Nanowire electronics that can be shaped to fit any surface and attach to any material developed at Stanford

Electronic circuitry composed of nanowires can now be fitted to a surface of almost any shape on an object made of virtually any material, using a new approach to fabrication and transfer of nanowire electronics developed by Stanford researchers.

Stanford researchers have developed a new method of attaching nanowire electronics to the surface of virtually any object, regardless of its shape or what material it is made of. The method could be used in making everything from wearable electronics and flexible computer displays to high-efficiency solar cells and ultrasensitive biosensors.

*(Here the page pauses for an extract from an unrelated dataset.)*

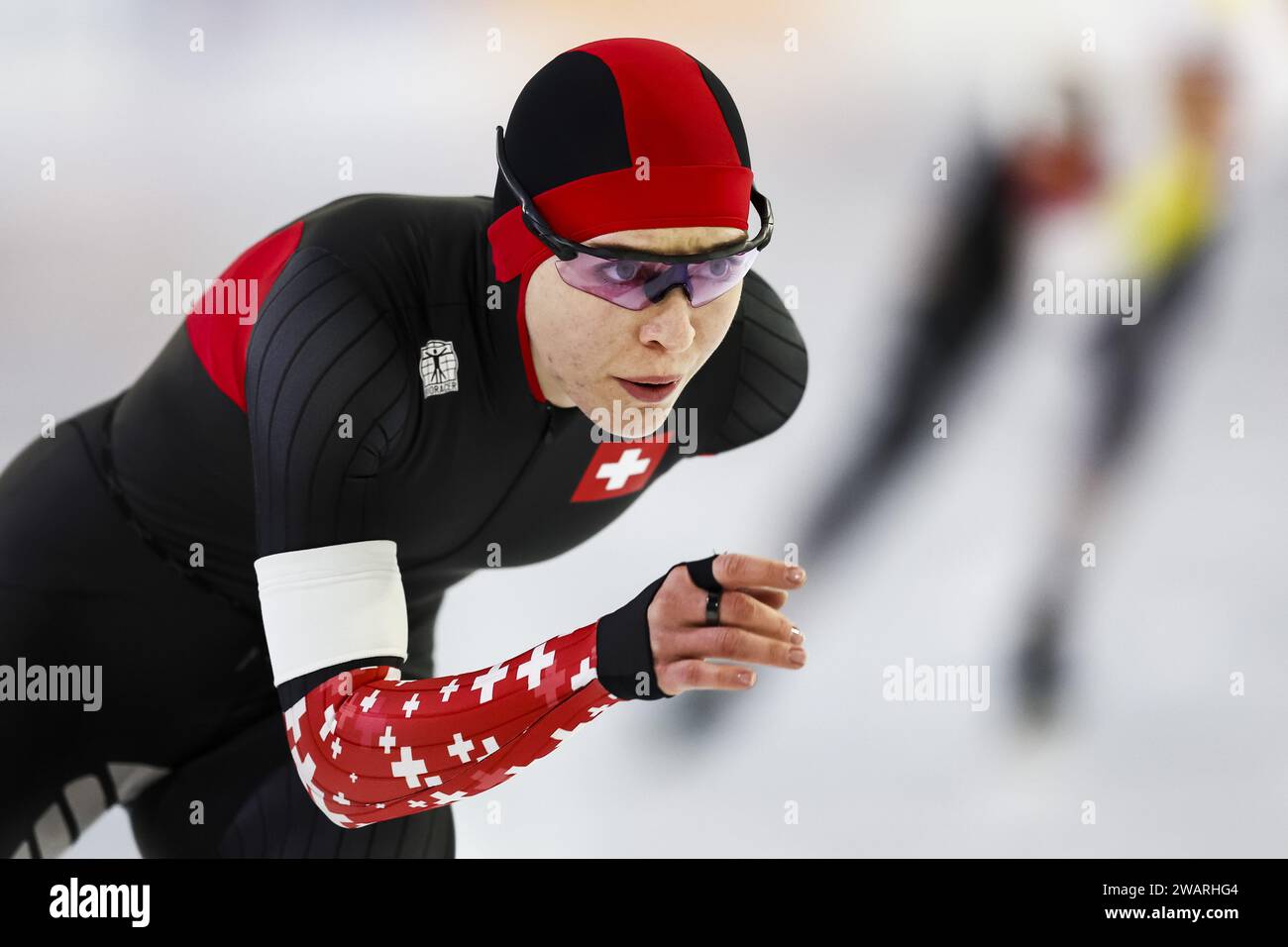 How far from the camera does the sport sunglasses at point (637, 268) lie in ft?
4.17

Nanoletters – Fabrication of Nanowire Electronics on Nonconventional Substrates by Water-Assisted Transfer Printing Method

Photographs of the transferred microelectrode arrays to a range of (a) adhesive substrates such as carbon tape, Kapton tape, double sided tape, Post-it® notes, and (b) nonadhesive substrates such as PDMS and Al foil. (c) Representative SEM images of the transferred microelectrode arrays onto the diverse nonconventional substrates.

We report a simple, versatile, and wafer-scale water-assisted transfer printing method (WTP) that enables the transfer of nanowire devices onto diverse nonconventional substrates that were not easily accessible before, such as paper, plastics, tapes, glass, polydimethylsiloxane (PDMS), aluminum foil, and ultrathin polymer substrates. The WTP method relies on the phenomenon of water penetrating into the interface between Ni and SiO2. The transfer yield is nearly 100%, and the transferred devices, including NW resistors, diodes, and field effect transistors, maintain their original geometries and electronic properties with high fidelity.

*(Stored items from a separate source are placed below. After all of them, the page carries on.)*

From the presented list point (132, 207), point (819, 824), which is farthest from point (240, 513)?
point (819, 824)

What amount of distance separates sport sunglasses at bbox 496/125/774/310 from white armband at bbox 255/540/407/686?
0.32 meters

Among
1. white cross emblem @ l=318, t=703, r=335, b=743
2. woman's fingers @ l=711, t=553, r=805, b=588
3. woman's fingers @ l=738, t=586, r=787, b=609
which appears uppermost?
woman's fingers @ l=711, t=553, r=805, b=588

Nanowire electronics are promising building blocks for virtually every digital electronic device used today, including computers, cameras and cell phones. The electronic circuitry is typically fabricated on a silicon chip. The circuitry adheres to the surface of the chip during fabrication and is extremely difficult to detach, so when the circuitry is incorporated into an electronic device, it remains attached to the chip. But silicon chips are rigid and brittle, limiting the possible uses of wearable and flexible nanowire electronics.

The key to the new method is coating the surface of the silicon wafer with a thin layer of nickel before fabricating the electronic circuitry. Nickel and silicon are both hydrophilic, or “water-loving,” meaning when they are exposed to water after fabrication of nanowire devices is finished, the water easily penetrates between the two materials, detaching the nickel and the overlying electronics from the silicon wafer.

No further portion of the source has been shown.